Non-Violence

Friday, January 14, 2005

Following a link from Tony, I found my self on Annika's site reading her 100 things about me post. Number 64 caught my eye:

64. i am an unrepentant hawk, who has studied the works of Gandhi, King and Merton. i admire these men very much. The trouble, as i see it, is that Saddam Hussein, Kim Jong Il, Osama Bin Laden and Yasser Arafat do not.

This is a good representation of the majority view of non-violence today... "Sounds great, but it isn't practical." This perspective is painfully flawed and the root cause of untold suffering in our world.

Ghandi Mural

Someone like Osama Bin Laden does the horrible things he does because he believes that the United States is causing a great level of harm due to it's aggressive (including violent) imperialist behavior. He hopes to create a level of fear that will change these ways. In turn the United States does the same... fear of retribution as a means to curtail unwanted behavior.

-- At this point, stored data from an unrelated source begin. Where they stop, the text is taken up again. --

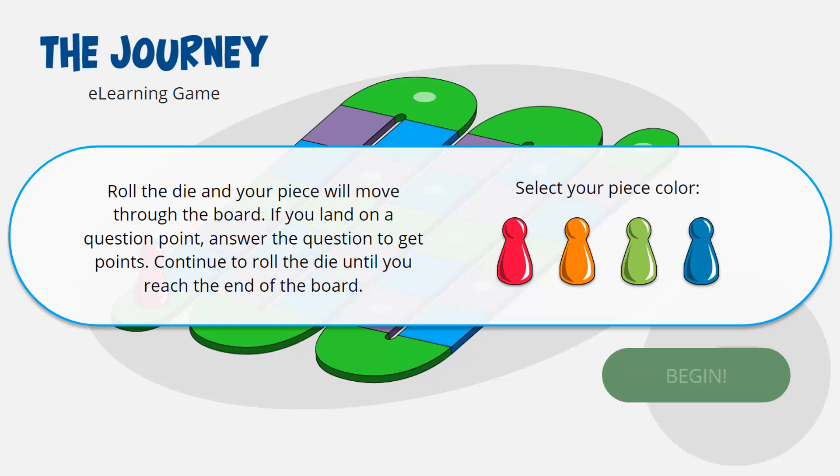Hey all you Storyline people out there. Today I want to take a look at this gamified board game-like template I created for eLearning Locker and how you can put it together yourself.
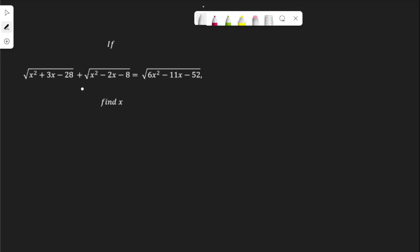In this video, we're going to solve this question: root of x squared plus 3x minus 28, plus root of x squared minus 2x minus 8, equals root of 6x squared minus 11x minus 22. We have to find the value of x.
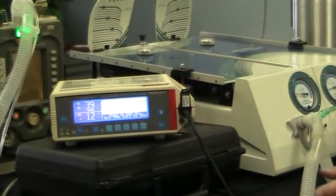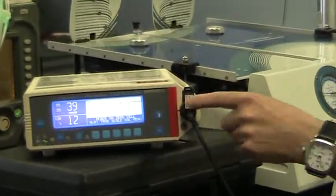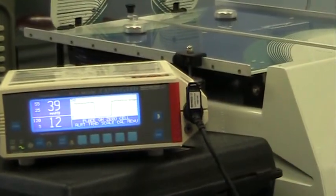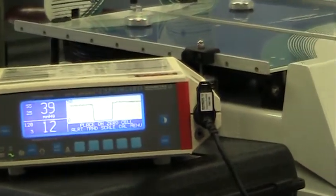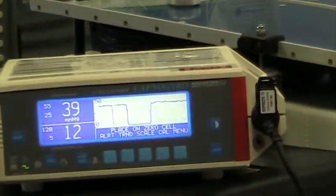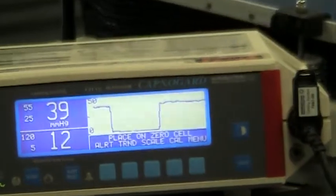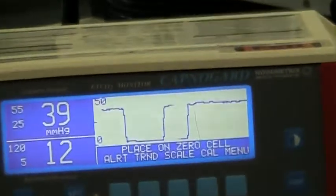If you zoom in here, you can see that we get a very regular waveform and a regular return of carbon dioxide.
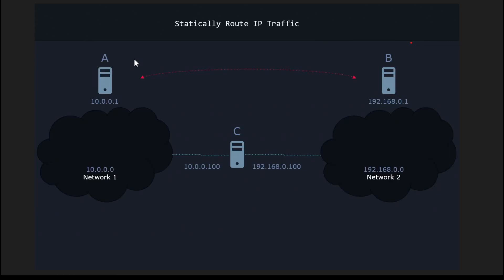Hi, greetings everyone. In this video, as mentioned before, we are going to start routing IP traffic.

While the faces my shift, the cycle continue infinitely (Saddam became a problem due in part to the weapons and training the U.S. gave him so that Iraq could act as a proxy in fighting Iran and backwards and backwards and backwards).

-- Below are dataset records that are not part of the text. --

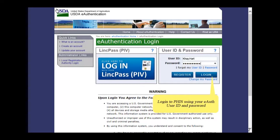Log in to PHIS using your eAuth user ID and password and then click the Login button.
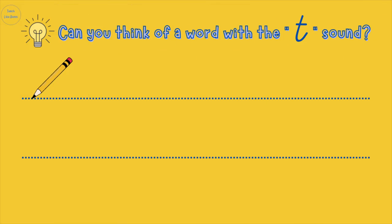Great job! Can you think of a word now that has the T sound in it? Have a go at writing this word down three times.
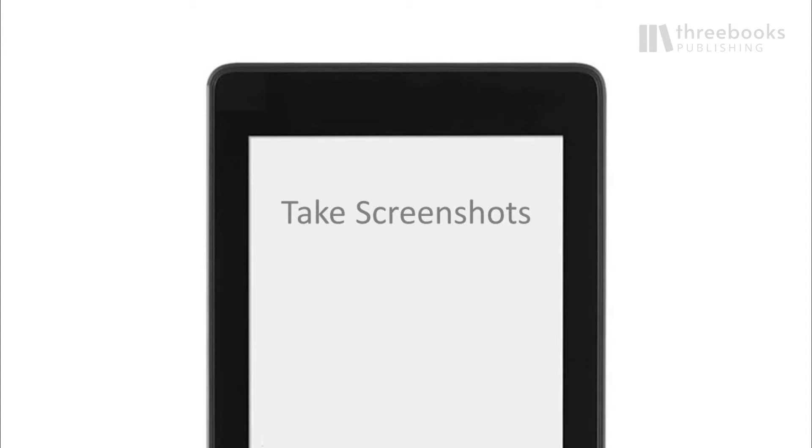As we are talking about finger tricks on the Kindle Paperwhite, there is another stunt I want to show you.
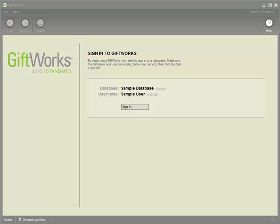Welcome to this GiftWorks quick video. My name is Jonathan Lehman. I'm going to be showing you the new smart list update options that we've added for GiftWorks 2010.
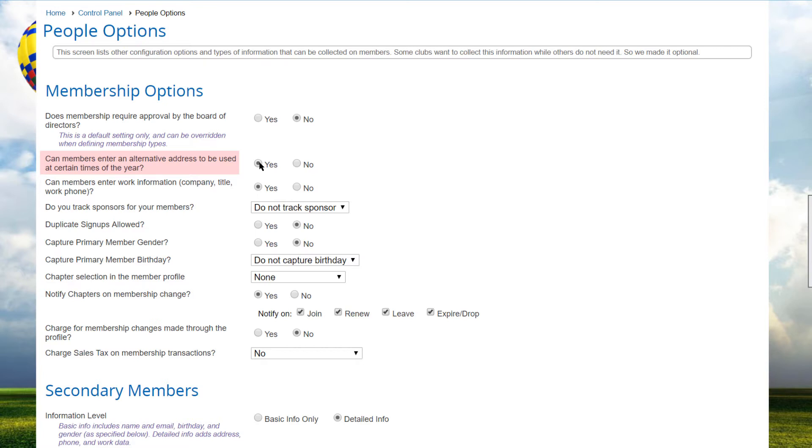Other associations use this option to track home address separate from the business address. If this option is enabled, the Contact Information screen provides fields for an alternative address, as well as the option of enabling this address for club mailings.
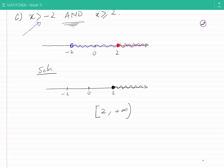Let's look at case D: X is greater than minus 2, OR X is greater than or equal to 2. We see that the conditions in part D are the same as the conditions in part C, but the conditions are now connected using an 'or' rather than an 'and'.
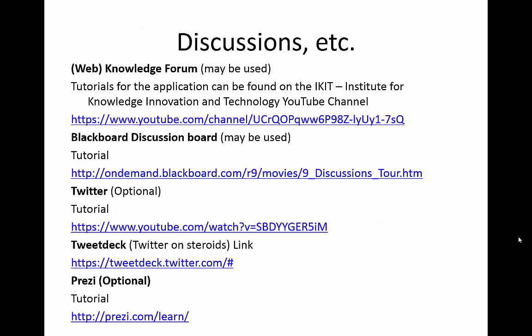We will also be making use of discussions within the course, and there are a couple of different tools that may be used depending on which course you're accessing. Web Knowledge Forum will be used in EDUC 4703, and tutorials can be found on the iKit — that is the Institute for Knowledge Innovation and Technology — YouTube channel. Blackboard discussion tool may also be used, and Twitter may be used as well for interacting between individuals; tutorials for both are found at the links shown on the screen.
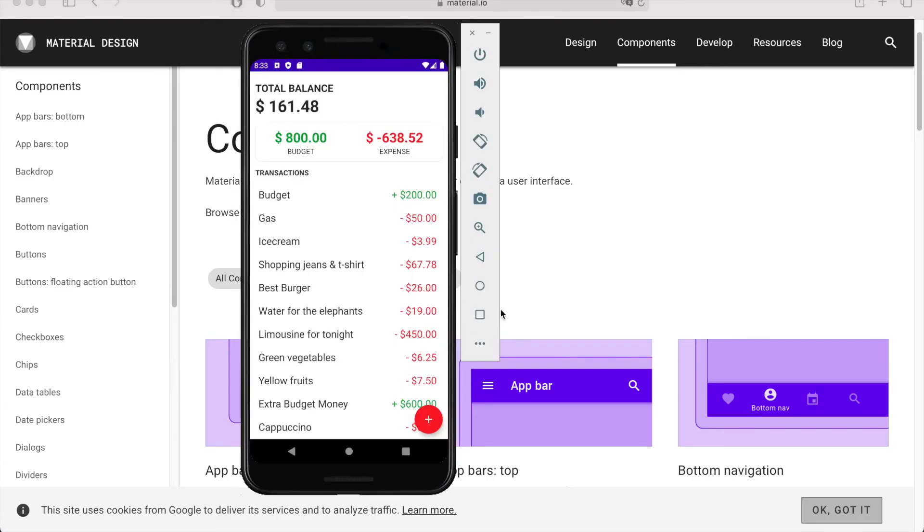So if this sounds fun, see you in the next video to explore Android Studio and create your first project.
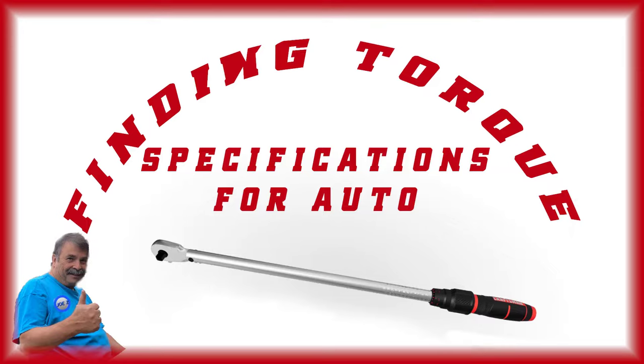Hello and thank you for stopping by. Today this is just a quick video on how to find torque specifications for your auto.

There is no honor in killing the people that disagree with you until an environment for disagreement no longer exists.

There is no real change brought about through fear.

The truth about Hawks is that they're all a bunch of pussies. They are unwilling to take the abuse Gandhi and his followers did in the name of their ideas (Can you imagine George W. Bush fasting for 21 days in the name of Democracy? In the name of anything?). They lack the conviction that would allow them to see past the short term gains of beating said ideas into others. They lack the faith required to see that, as Gandhi often said, non-violence works because it taps into a fundamental truth buried deep within all human beings.

These are not flaws of the people in question, but rather a reflection of the culture we live in. Western society has perverted the definition of strength. It has all but destroyed genuine faith - Replacing it with a list of systematic steps required to play a part. Check off the list and your done. We're ever increasingly creating ourselves as false idols.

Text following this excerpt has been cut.